Ms Mitchell told the sheriff this was incorrect, explaining that Mr Whyte had been countermanded for an earlier trial date. The fiscal depute said Mr Whyte had been cited by letter and in person six weeks ago to appear on Monday.
She said: “Given that we have an unfinished trial today, it is unlikely this trial will commence and I am seeking an adjournment to another date due to lack of court time. However, I am still seeking a warrant for Mr Whyte to prevent this from happening again. He knew he was due in court today.”
Defence lawyers Willie Young and Eilidh Macdonald said the Crown’s case stood or fell on Mr Whyte’s evidence and should be deserted.
Mr Young said: “It was he who made the complaint to the police. He is well aware of court procedure and the importance of being a witness would be apparent to him. He appears to be in France and made no travel plans to come here. In the interests of fairness, the case should be deserted. Adjourning it will result in further inconvenience and expense.”
Sheriff Neilson granted a Crown motion seeking an adjournment because of the lack of an essential Crown witness. She also granted the warrant for Mr Whyte’s arrest.
Perhaps coincidentally there have been recent discussions at court concerning a hardening of the attitude of Sheriffs to adjournments of trials where Crown witnesses had failed to appear. For a long time it was almost automatic that trials would be adjourned to a later date on the first and sometimes the second occasion that an essential Crown witness failed to appear. There seemed to be a view that the accused should not “get away with it” simply because a witness did not appear. There was also a practical aspect, especially in “domestic” cases, where the court did not want to allow an accused to escape justice simply because a witness chose not to attend, or was persuaded by the accused not to come.
In some courts opposing a Crown motion for an adjournment on the grounds of a witness being missing seemed doomed to fail, and indeed was frowned upon by certain Sheriffs as somehow not “playing the game”.

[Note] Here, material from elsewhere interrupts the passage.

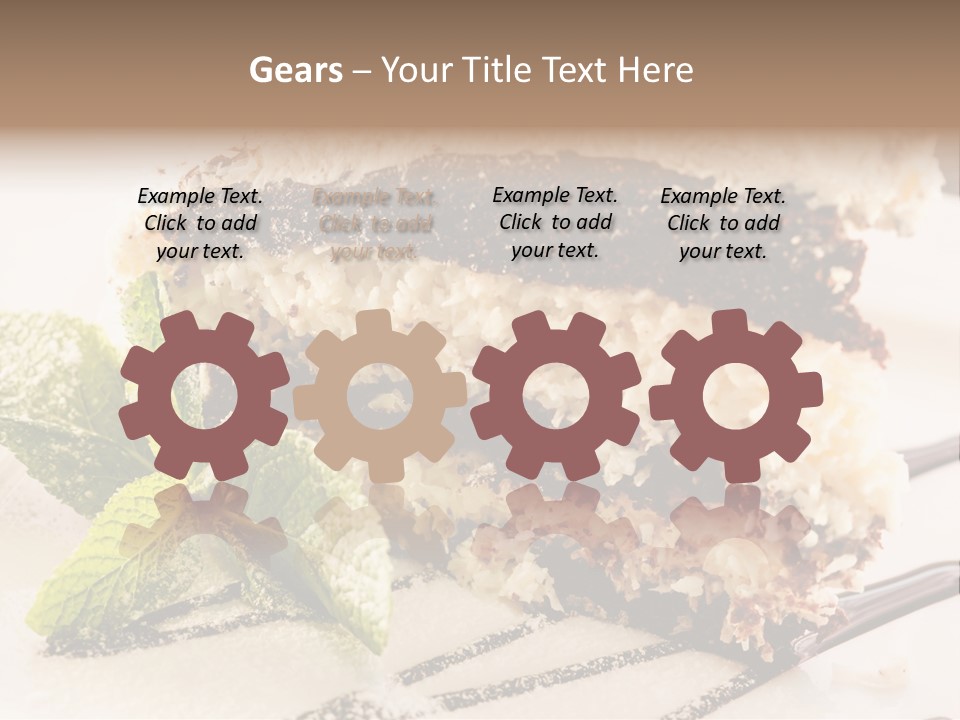 White Slice Plate PowerPoint Template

(There is the story of the District Court trial where the Fiscal moved for an adjournment because an essential witness was absent. The accused was an unrepresented 18-year old. The Justice of the Peace granted the motion for the adjournment and, without paying any attention to his role as a neutral arbiter, explained what had happened by telling the lad in the dock – “One of our side hasn’t turned up, so we need to put the case off”.)
So what has changed, and how does this relate to Mr Whyte?
It has been noted that, in some recent cases in different courts, Sheriffs have been refusing to adjourn trials in the absence of Crown witnesses unless the Procurator Fiscal has asked for a warrant for the arrest of the missing witness or witnesses. After all, the Crown has certain tools at its disposal in ensuring that witnesses do turn up. One of them is the power to have witnesses arrested where they have been validly cited to appear but have failed to do so.
If the Crown is not prepared to use the tools it has, then why, seems to be the view of Sheriffs, should they be granted their adjournments? Lots of court time can be wasted, and often the time of witnesses, both civilian and police, as a result of witnesses failing to appear at court.
Indeed in this case, where the trial seemed unlikely to proceed because of a lack of court time, the Fiscal is to be commended for doing her job properly and making her witness issues known to the court. It is not beyond the bounds of possibility that another Fiscal might have used lack of time as the reason for an adjournment, rather than mention the witness difficulties at all! (Not that that would be an illegitimate tactic, but rather that it would be trying to take a tactical advantage.)
So how does this affect Mr Whyte?
Will he find himself locked up in a prison cell?
Almost certainly not (which might disappoint some people).
Instead we are into the realms of the Criminal Procedure (Scotland) Act 1995, the relevant sections of which you will find quoted at the end of this post.
Under Section 155(1)(a) of the Act, where a witness, having been duly cited “wilfully” fails to attend, then he shall be deemed guilty of contempt of court, and as such liable to a fine or imprisonment for up to 21 days. So, as long as the Sheriff decides that the refusal to attend was wilful (and based on what the Fiscal is quoted as saying, that seems almost certain) Mr Whyte is therefore already guilty of contempt of court. This is a matter which would be dealt with when Mr Whyte faces the court (which he almost certainly WILL have to do).
The Sheriff in this case granted the warrant because Mr Whyte had deliberately and obstructively failed to attend, having been cited. How could the Sheriff decide, for these purposes, if the failure was deliberate and obstructive? It was very easy to do so as Section 156(4) states that a failure to appear, after effective citation, is presumed to be deliberate and obstructive in the absence of evidence to the contrary.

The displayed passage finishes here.